Ansor introduces a hierarchical approach to explore a significantly larger optimization space than existing strategies. It leverages a two-level hierarchical search space consisting of sketches and annotations:

  1. Sketch Generation: This top-level abstraction defines the high-level structure of the tensor programs. The paper delineates how Ansor employs a series of derivation rules to construct potential sketches. These rules guide the search through considerable variances of tile structures and fusion strategies, automatically generated for any given computation definition. Rules handle operations such as multi-level tiling and aggressive inlining, uniquely covering optimizations usually beyond the scope of traditional methods.
  2. Random Annotation: Within the sketches, Ansor explores billions of possible low-level details (e.g., tile sizes, parallelization schemes) by random annotation, leading to complete and diverse programs.

The exploration strategies use a combination of evolutionary search and learned cost models, providing robustness in identifying optimal tensor programs that outperform existing frameworks.

Empirical Results

The paper's empirical section presents comprehensive benchmarks across various levels:

  • Single-Operator Benchmarks: Evaluated against frameworks like PyTorch, Halide auto-scheduler, FlexTensor, and AutoTVM, Ansor consistently matches or surpasses them in performance.
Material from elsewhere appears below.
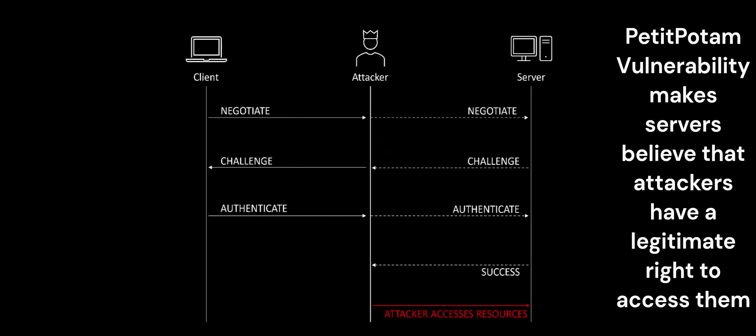Petit Potam is an NTLM relay attack discovered by French researcher Lionel Gilles. It uses Microsoft's EFS RPC to connect to a server and hijack the authentication session.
This is particularly evident in operations like matrix multiplication and convolutions where standard baselines show reduced effectiveness.
  • Subgraph and Network Benchmarks: The results demonstrate Ansor’s ability to outperform vendor-specific libraries and established search frameworks significantly. For instance, it improves performance on Intel CPUs and NVIDIA GPUs by up to 3.8×3.8\times and 1.7×1.7\times better than the best alternative approaches.
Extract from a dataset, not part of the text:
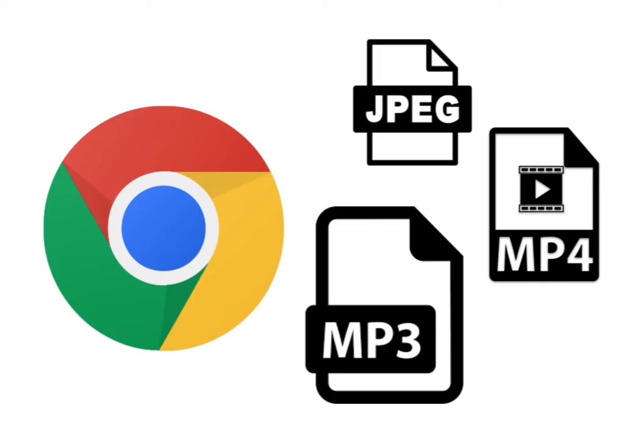That's right, Chrome actually is a media player and you can use it to view images, audio, and video.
Implications and Future Directions

Ansor signifies a shift towards large-scale automated program generation that effectively bridges the gap between diverse hardware architectures and optimal execution of AI workloads. By extending the boundaries of known optimizations and incorporating a task scheduler for resource allocation, Ansor demonstrates not just theoretical innovation but practical applicability across multiple hardware backends and AI models, including modern architectures such as ResNet, MobileNet, and BERT.

One of the critical limitations acknowledged is its reliance on static computation graphs, which poses challenges for dynamic workloads prevalent in certain AI applications. Future developments could address these gaps by integrating support for dynamic shapes and extending support for sparse operators, thus enhancing the utility of Ansor in dynamic computational environments and network types involving graph-based neural networks.

Conclusion

The paper convincingly positions Ansor as a valuable tool for researchers and practitioners in the domain of deep learning, offering path-breaking performance improvements without significant manual intervention. With its innovative exploration strategies and efficient task scheduling capabilities, Ansor fosters the development of scalable, high-performance tensor programs apt for the ever-evolving landscape of AI and computational hardware. As the technology matures and is integrated with broader ecosystem components, it is poised to set a new standard in automated performance optimization for deep learning models.